[Stored records]
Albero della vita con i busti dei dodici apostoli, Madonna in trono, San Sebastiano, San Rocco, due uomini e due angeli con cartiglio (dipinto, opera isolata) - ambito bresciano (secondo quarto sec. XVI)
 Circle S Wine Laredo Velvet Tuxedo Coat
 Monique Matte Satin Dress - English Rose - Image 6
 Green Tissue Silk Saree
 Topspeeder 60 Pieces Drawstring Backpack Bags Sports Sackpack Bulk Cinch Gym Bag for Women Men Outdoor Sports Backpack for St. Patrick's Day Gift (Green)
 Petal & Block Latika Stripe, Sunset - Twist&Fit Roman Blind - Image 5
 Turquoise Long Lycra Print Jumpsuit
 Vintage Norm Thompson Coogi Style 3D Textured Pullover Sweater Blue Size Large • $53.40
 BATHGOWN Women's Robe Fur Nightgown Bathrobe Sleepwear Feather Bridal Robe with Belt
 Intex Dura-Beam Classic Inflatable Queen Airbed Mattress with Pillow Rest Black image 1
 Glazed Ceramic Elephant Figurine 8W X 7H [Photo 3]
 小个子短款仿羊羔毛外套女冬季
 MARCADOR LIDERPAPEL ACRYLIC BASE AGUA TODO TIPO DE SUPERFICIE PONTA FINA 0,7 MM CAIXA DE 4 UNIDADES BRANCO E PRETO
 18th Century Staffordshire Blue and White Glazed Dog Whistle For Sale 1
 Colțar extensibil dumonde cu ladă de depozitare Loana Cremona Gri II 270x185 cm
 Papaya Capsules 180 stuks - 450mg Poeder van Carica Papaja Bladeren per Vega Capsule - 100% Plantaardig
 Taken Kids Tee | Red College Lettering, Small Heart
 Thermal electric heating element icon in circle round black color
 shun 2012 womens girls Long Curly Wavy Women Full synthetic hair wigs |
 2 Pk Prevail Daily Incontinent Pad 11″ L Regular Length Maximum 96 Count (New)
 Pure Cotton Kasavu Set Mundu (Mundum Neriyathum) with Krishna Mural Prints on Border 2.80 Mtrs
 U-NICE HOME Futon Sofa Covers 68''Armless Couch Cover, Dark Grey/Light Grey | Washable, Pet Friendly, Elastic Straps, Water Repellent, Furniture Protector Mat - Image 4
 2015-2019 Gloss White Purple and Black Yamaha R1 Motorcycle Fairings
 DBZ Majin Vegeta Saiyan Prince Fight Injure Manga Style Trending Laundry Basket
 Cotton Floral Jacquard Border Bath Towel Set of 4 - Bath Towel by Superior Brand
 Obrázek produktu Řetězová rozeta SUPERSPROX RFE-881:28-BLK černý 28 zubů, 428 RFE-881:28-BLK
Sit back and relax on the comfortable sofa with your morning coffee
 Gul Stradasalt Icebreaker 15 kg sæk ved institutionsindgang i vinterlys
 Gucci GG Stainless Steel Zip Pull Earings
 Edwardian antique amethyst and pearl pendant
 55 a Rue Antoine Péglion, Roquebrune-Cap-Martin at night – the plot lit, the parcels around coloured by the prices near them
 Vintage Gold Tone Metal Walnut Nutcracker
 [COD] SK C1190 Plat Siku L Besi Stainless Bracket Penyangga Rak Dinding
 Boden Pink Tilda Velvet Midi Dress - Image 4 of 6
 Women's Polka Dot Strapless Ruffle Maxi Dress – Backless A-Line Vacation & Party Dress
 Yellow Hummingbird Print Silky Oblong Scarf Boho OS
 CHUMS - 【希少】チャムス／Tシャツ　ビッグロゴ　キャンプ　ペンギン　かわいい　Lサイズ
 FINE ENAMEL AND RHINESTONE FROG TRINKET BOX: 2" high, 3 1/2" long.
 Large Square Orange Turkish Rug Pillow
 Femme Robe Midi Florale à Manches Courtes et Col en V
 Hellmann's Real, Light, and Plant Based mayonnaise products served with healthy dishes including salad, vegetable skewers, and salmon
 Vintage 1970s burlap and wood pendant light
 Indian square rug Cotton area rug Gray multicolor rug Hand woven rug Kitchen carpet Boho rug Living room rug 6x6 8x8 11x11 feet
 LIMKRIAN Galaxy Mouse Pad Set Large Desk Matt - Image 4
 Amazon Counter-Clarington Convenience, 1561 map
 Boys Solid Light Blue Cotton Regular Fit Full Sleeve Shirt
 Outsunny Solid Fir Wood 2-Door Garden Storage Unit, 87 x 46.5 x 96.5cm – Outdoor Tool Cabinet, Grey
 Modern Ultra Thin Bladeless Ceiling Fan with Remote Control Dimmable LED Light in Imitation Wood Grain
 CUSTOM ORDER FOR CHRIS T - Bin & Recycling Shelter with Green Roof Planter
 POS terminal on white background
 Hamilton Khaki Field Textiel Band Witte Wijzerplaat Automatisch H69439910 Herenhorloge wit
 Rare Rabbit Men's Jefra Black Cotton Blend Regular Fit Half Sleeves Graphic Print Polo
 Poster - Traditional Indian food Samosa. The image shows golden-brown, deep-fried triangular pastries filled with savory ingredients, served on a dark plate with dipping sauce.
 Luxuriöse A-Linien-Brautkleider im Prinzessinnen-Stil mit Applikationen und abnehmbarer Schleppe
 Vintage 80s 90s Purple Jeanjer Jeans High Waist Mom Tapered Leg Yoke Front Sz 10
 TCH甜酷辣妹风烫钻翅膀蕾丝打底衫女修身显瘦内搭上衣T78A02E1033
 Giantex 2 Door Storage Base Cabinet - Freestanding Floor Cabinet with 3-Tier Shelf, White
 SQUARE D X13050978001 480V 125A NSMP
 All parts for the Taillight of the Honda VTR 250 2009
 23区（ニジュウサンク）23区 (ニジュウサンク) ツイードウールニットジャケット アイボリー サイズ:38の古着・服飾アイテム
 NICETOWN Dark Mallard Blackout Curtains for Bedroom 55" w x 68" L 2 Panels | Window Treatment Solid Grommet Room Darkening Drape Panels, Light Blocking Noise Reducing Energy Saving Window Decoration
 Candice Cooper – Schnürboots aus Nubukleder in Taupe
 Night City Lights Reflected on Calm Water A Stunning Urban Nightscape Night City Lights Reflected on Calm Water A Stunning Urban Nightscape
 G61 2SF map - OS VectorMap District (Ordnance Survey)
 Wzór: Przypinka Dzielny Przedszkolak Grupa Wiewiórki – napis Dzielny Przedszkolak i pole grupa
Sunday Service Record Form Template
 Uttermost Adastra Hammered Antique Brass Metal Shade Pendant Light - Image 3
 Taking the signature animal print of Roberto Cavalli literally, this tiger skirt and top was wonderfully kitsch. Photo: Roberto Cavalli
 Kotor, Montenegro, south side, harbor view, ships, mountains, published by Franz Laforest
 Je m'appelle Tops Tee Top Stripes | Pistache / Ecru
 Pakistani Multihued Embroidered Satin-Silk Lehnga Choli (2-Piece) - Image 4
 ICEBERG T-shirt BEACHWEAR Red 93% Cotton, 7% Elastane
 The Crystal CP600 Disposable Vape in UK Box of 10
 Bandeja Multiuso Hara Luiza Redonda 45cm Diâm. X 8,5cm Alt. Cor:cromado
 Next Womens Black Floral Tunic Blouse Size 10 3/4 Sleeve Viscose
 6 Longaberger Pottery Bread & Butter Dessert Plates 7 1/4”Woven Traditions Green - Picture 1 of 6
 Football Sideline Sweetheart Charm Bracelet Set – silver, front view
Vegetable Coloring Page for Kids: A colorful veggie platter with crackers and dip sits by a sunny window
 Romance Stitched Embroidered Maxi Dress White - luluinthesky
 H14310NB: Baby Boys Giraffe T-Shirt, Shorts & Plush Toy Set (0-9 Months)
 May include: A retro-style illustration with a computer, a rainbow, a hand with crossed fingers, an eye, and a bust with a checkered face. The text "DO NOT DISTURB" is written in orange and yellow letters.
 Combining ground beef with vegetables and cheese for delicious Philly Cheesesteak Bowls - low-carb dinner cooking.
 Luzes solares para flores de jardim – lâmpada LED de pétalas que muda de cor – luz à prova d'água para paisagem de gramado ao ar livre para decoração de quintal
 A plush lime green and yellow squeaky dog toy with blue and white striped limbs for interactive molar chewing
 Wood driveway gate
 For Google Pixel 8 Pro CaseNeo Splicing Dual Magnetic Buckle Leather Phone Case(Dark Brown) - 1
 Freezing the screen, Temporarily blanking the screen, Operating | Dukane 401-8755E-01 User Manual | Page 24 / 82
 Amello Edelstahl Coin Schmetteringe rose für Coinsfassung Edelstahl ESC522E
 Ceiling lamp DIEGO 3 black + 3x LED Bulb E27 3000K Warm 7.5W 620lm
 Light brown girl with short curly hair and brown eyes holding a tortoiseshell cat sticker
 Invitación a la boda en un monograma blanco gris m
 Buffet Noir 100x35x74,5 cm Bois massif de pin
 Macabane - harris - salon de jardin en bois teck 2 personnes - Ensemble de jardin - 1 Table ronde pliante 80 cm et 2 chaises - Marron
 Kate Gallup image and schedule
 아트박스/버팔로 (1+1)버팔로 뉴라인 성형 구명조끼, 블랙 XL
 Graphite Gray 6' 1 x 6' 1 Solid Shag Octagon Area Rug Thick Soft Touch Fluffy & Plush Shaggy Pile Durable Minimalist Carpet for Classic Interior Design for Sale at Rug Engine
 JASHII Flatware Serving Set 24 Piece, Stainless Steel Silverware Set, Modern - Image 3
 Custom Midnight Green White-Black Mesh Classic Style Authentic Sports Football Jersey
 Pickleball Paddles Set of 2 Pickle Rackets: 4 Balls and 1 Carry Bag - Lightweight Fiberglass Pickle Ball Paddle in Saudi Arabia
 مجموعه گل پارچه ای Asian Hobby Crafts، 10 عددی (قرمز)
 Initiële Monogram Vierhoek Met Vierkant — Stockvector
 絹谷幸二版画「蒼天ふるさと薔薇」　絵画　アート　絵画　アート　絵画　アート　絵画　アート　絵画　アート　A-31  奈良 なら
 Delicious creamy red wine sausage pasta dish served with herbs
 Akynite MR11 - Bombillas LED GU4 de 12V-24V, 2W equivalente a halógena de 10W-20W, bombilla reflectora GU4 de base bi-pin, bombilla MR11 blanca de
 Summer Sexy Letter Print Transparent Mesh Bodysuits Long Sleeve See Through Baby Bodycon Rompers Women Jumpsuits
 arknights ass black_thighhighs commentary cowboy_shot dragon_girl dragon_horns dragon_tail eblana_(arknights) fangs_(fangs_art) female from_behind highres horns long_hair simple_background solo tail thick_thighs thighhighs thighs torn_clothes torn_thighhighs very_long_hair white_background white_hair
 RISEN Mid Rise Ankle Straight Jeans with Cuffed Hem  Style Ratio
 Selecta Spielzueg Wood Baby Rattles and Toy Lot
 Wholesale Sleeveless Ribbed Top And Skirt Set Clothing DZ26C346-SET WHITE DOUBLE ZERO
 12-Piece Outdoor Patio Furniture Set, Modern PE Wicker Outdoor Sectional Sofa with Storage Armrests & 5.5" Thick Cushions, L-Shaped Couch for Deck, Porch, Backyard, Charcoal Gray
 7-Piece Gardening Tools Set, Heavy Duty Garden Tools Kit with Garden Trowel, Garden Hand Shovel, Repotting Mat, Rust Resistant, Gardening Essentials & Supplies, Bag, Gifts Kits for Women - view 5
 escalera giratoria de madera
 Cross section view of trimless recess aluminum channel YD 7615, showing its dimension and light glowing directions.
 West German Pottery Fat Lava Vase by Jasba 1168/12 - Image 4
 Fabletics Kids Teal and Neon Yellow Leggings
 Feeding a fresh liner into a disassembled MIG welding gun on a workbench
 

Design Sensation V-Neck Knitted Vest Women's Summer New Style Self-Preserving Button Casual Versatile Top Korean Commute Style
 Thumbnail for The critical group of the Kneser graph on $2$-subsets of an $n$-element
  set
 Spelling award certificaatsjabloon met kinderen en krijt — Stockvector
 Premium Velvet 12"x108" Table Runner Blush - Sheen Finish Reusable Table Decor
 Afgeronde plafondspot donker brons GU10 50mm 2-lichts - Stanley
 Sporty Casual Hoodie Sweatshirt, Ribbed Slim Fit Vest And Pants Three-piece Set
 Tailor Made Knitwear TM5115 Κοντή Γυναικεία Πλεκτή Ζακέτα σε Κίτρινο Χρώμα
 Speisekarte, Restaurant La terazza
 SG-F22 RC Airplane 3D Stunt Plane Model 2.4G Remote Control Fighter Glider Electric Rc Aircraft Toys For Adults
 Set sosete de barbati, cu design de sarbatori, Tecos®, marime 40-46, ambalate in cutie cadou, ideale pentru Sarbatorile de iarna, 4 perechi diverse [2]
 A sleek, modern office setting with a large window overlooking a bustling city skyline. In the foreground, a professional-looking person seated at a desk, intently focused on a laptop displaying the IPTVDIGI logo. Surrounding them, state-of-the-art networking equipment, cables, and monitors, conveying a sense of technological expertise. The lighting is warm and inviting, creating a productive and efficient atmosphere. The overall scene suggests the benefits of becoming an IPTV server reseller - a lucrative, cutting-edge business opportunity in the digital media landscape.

Required work ::
Beginning at the line with "Speisekarte, Restaurant La terazza" and stopping after the line with "Set sosete de", please write out every line of the data above exactly and nothing else.

Final answer ::
 Speisekarte, Restaurant La terazza
 SG-F22 RC Airplane 3D Stunt Plane Model 2.4G Remote Control Fighter Glider Electric Rc Aircraft Toys For Adults
 Set sosete de barbati, cu design de sarbatori, Tecos®, marime 40-46, ambalate in cutie cadou, ideale pentru Sarbatorile de iarna, 4 perechi diverse [2]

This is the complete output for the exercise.